*** Provided material

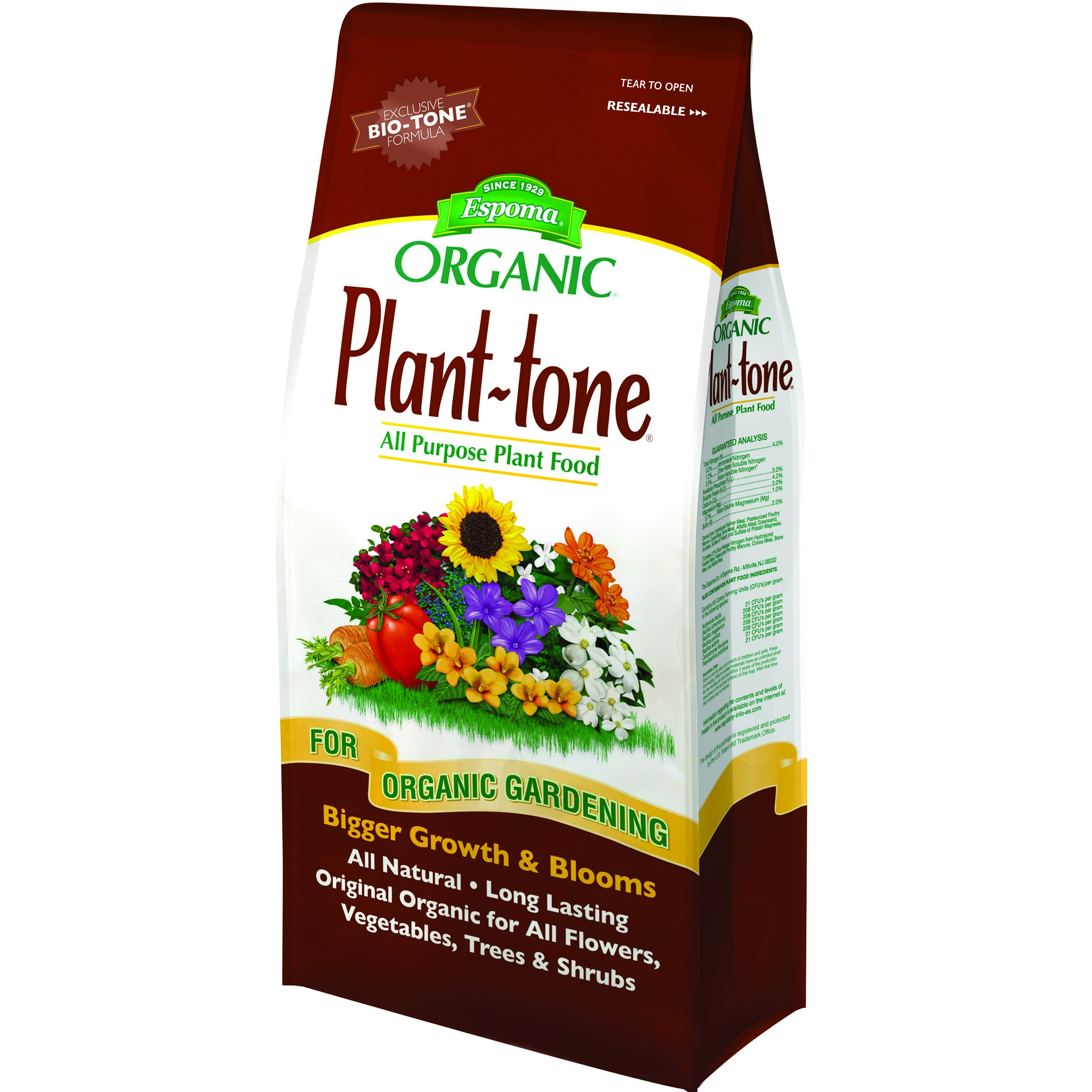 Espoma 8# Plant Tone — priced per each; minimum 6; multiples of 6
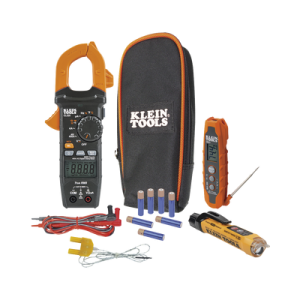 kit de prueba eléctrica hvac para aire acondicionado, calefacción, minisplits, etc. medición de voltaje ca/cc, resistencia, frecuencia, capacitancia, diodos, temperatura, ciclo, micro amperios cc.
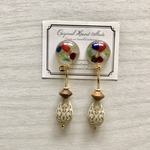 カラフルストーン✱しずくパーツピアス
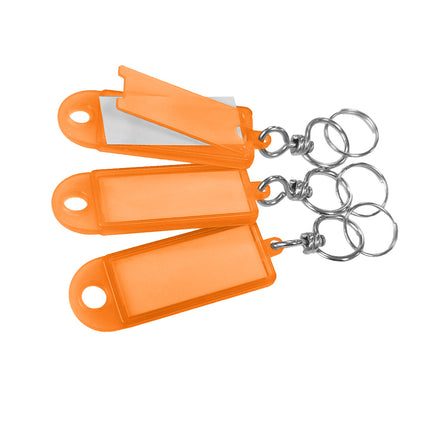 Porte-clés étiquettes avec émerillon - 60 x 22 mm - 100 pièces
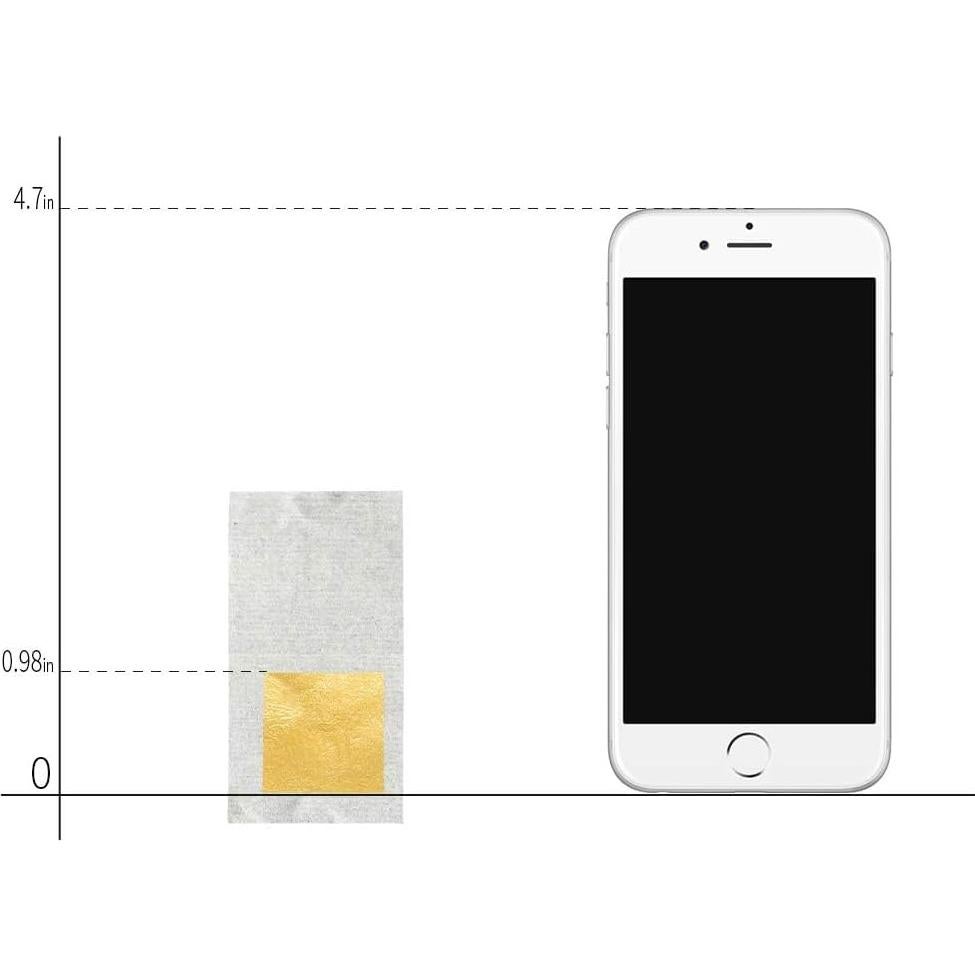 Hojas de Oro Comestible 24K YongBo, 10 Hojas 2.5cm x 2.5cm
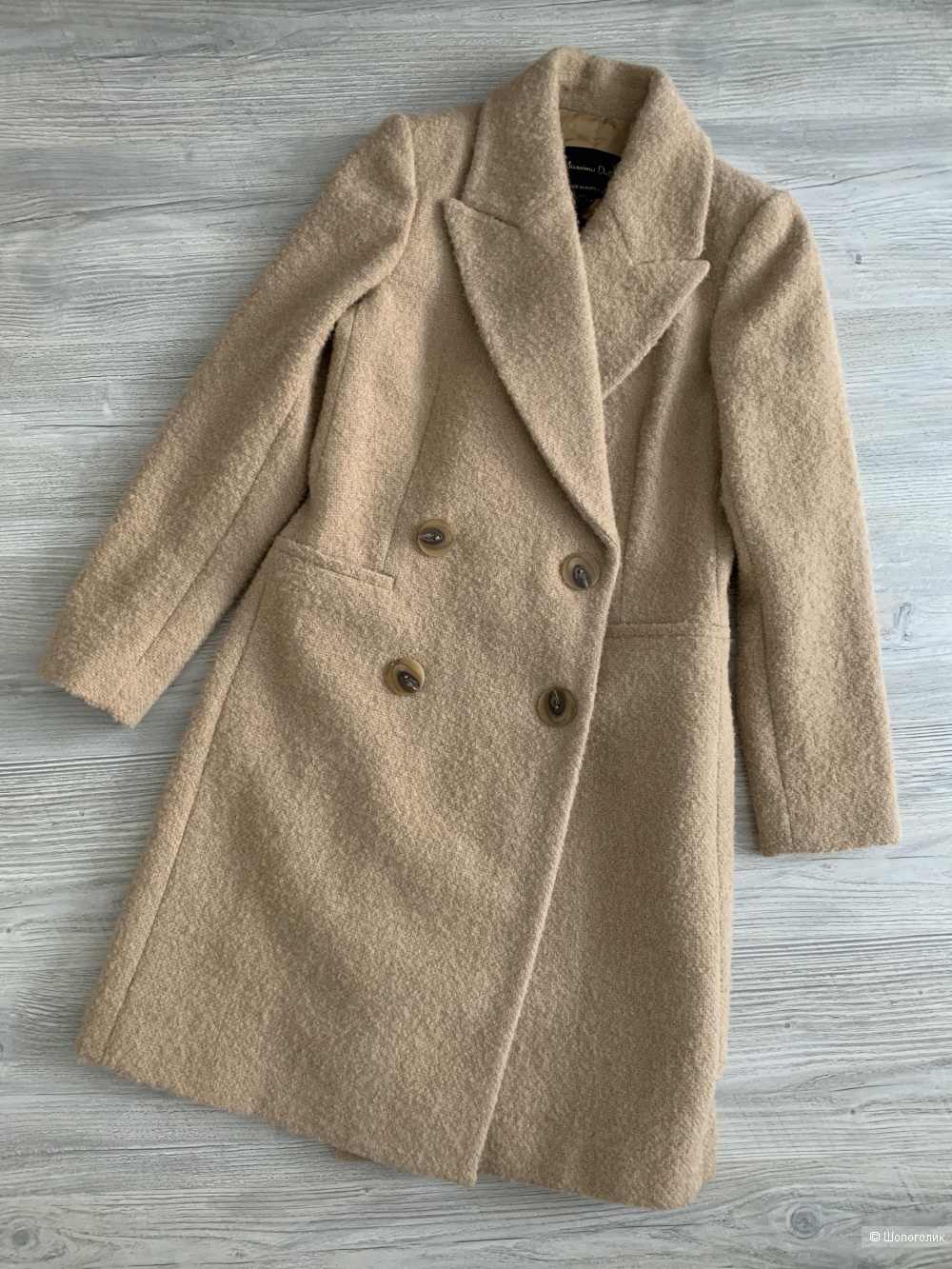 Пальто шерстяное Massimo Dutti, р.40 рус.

******

- The task
Once the line containing "Hojas de Oro" is found, transcribe it and every line after it to the end of the records, exactly and with no pictures.

- Worked solution
 Hojas de Oro Comestible 24K YongBo, 10 Hojas 2.5cm x 2.5cm
 Пальто шерстяное Massimo Dutti, р.40 рус.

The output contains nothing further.